EXTRACTED RECORDS Start Marker
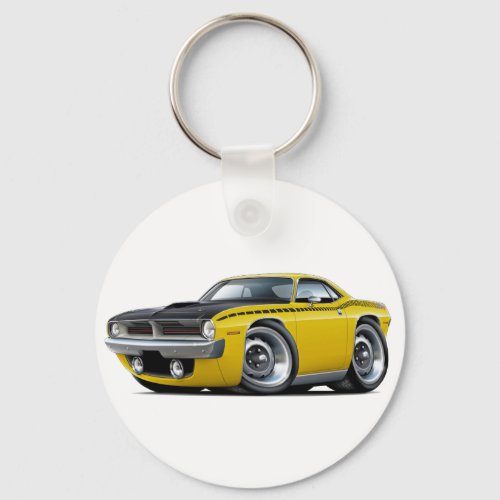 1970 Cuda AAR Yellow Car Keychain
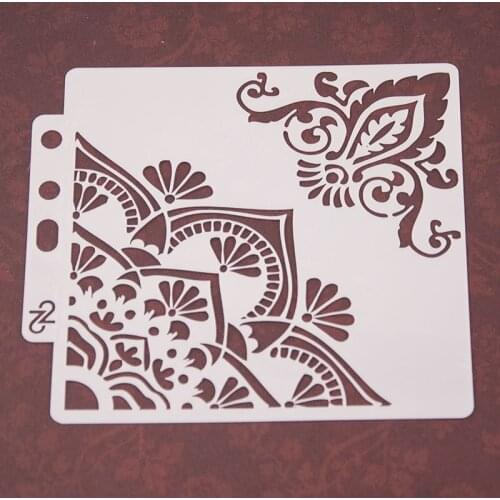 Flower corner Layering Stencils graffiti hand copied board hollowed out photo album graphic spray painting tool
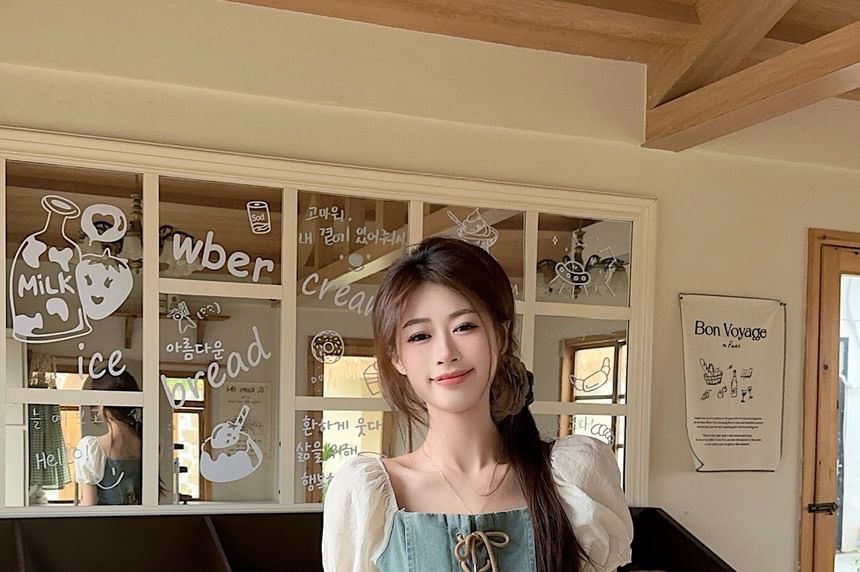 Puff-Sleeve Square Neck Denim Panel Lace-Up Crop Blouse / High Waist Plain Frill Trim Mini A-Line Skirt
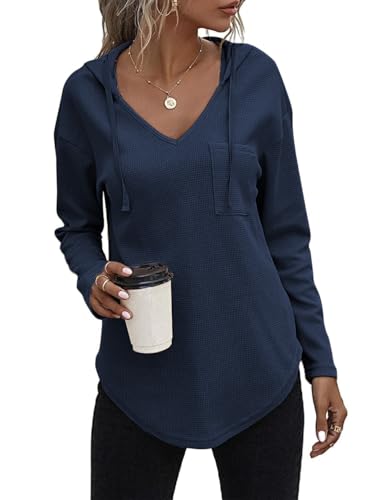 Cuptacc Hoodie Damen Pullover Damen Kapuzenpullover Oversize Weich Langarmshirt Fett Dünn Fit Sweatshirt Oberteile Marineblau M von Cuptacc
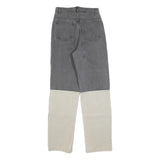THE KRIPT Womens Regular Fit Colourblock Denim Jeans Grey & Cream W25 L30 Zip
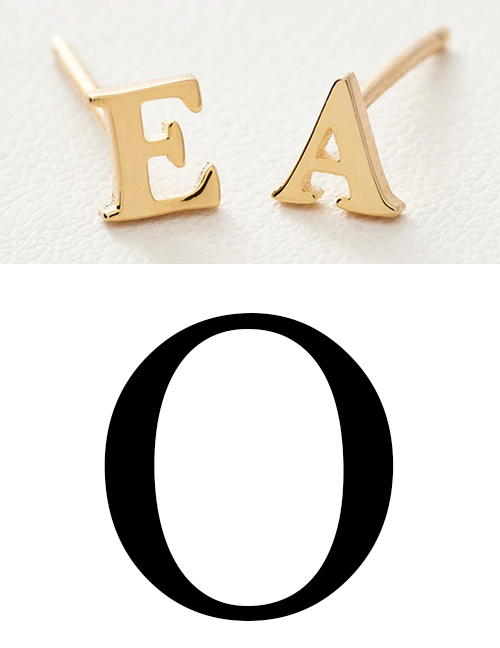 Fashion Gold Color O Stainless Steel Small Letter Hollow Earrings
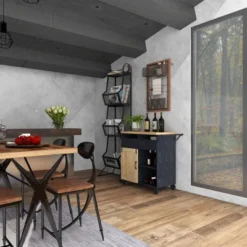 Industrial Rolling Cart Black - Olivia & May -Olivia & May GUEST 6b7e753d f2a6 4251 b446 283eeeecbe0d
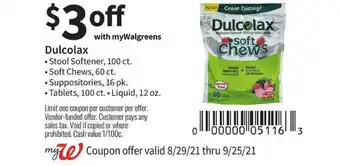 Walgreens Dulcolax Stool Softener, Soft Chews, Suppositories, Tablets Or Liquid offer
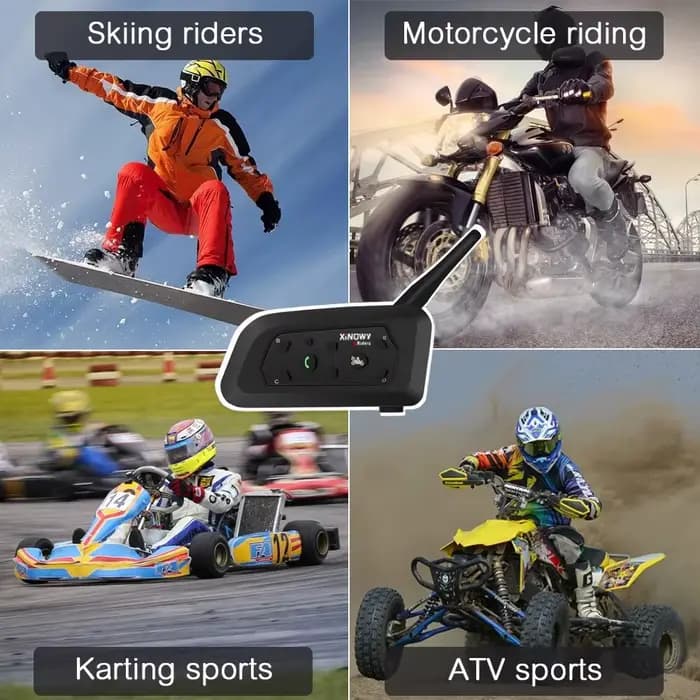 XINOWY-Oreillette Bluetooth V6 PRO pour casque de moto, appareil de communication pour 6 motocyclist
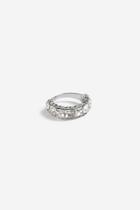 Topshop *silver Look Stone Band Ring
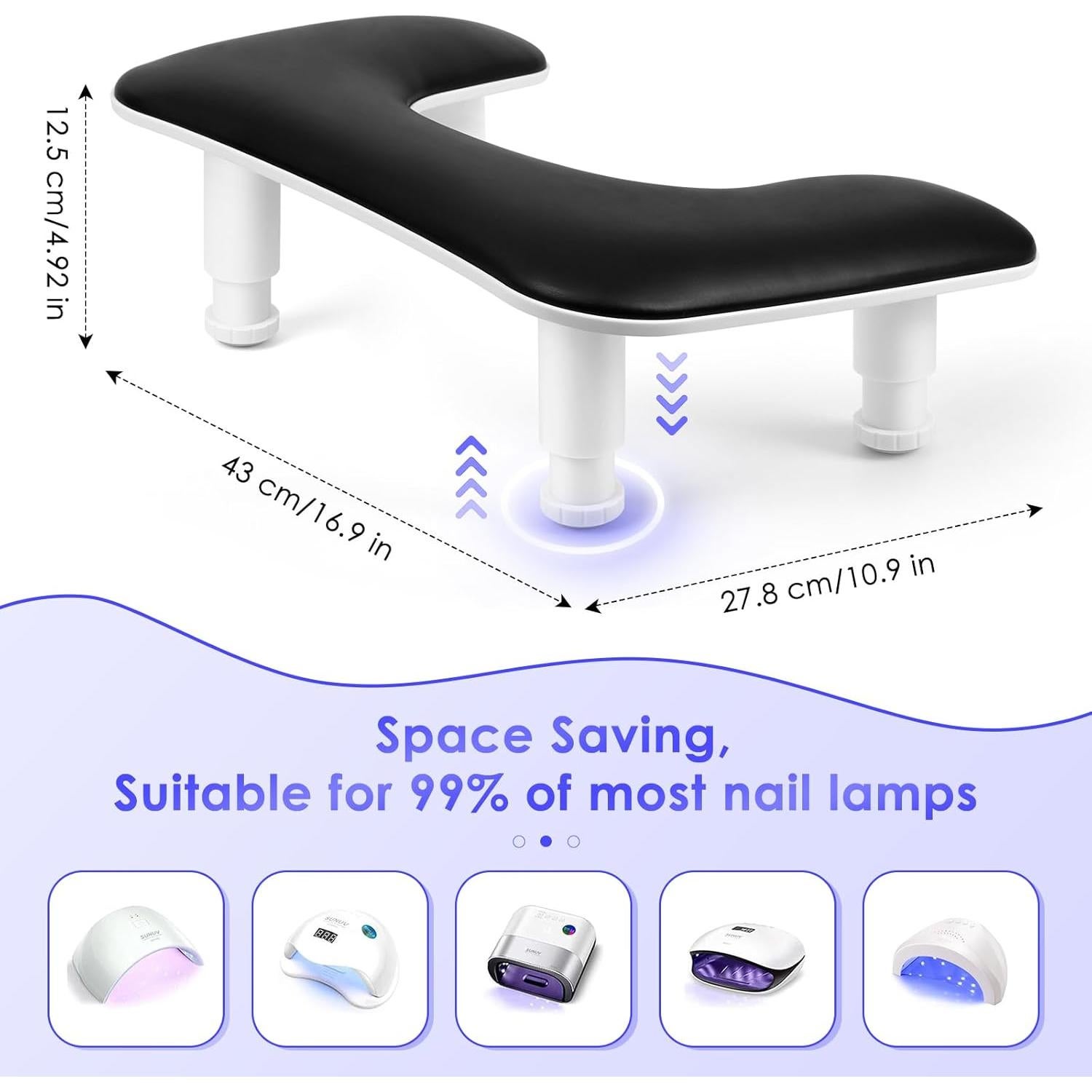 Reposabrazos Ajustable para Manicura Negro PU - Ergonomía Mejorada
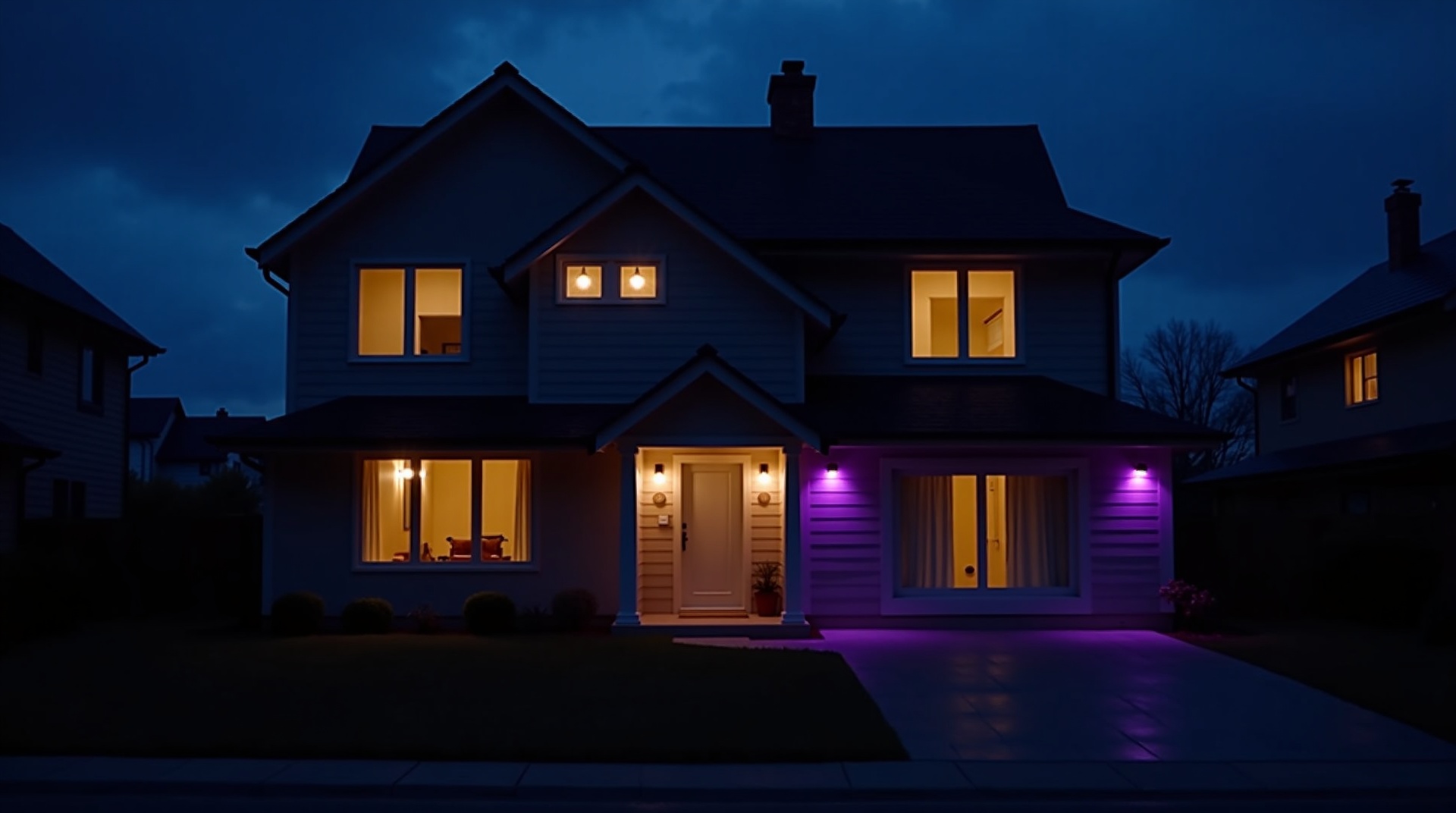 Modern suburban home at night with smart security features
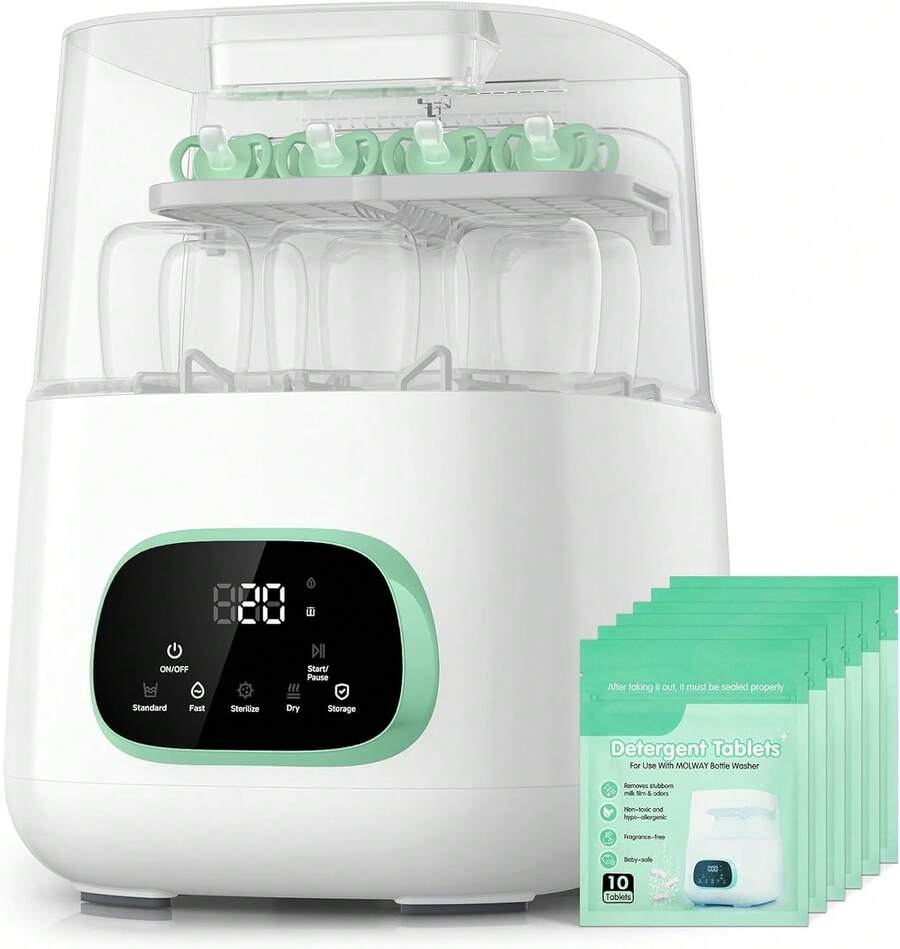 Baby Bottle Washer, Sterilizer & Dryer - All-In-One Cleaning Machine For Bottles, Pump Parts & Baby Essentials - Time-Saving & Effortless Care - White - View 1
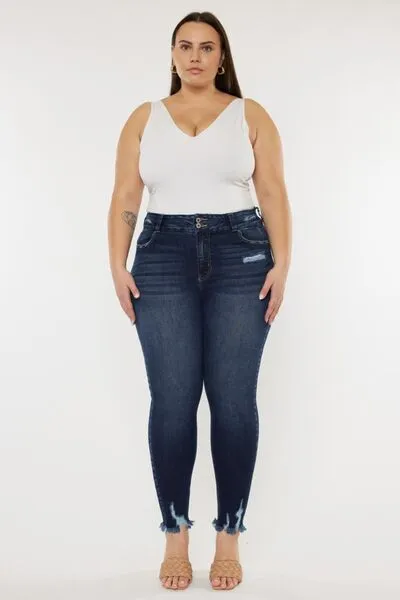Victoria Full Size Cat's Whiskers Raw Hem High Waist Jeans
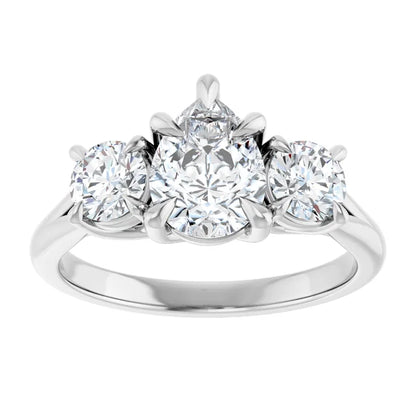 Pear White Gold Accent Engagement Ring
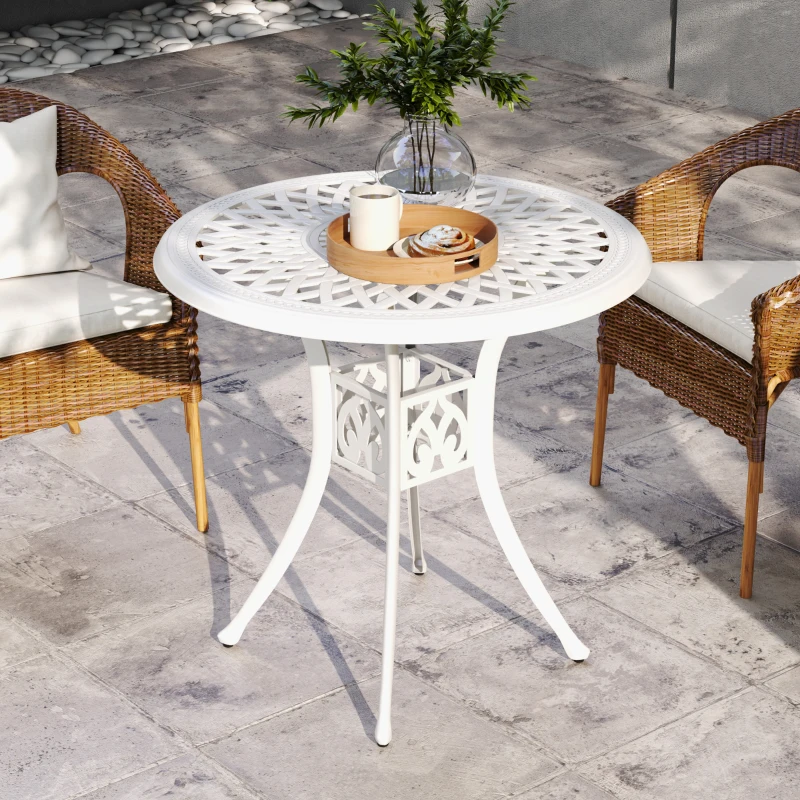 Best 78 cm Round Garden Dining Table with Parasol Hole Antique Cast Aluminium Outdoor Table Only, White - Image 6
EXTRACTED RECORDS End Marker
YOUR ASSIGNMENT -
Your reply should consist only of the lines running from the line with "Topshop *silver Look Stone Band Ring" to the end of the entries, both included, copied exactly and without any pictures.

EXERCISE OUTPUT -
 Topshop *silver Look Stone Band Ring
 Reposabrazos Ajustable para Manicura Negro PU - Ergonomía Mejorada
 Modern suburban home at night with smart security features
 Baby Bottle Washer, Sterilizer & Dryer - All-In-One Cleaning Machine For Bottles, Pump Parts & Baby Essentials - Time-Saving & Effortless Care - White - View 1
Victoria Full Size Cat's Whiskers Raw Hem High Waist Jeans
 Pear White Gold Accent Engagement Ring
 Best 78 cm Round Garden Dining Table with Parasol Hole Antique Cast Aluminium Outdoor Table Only, White - Image 6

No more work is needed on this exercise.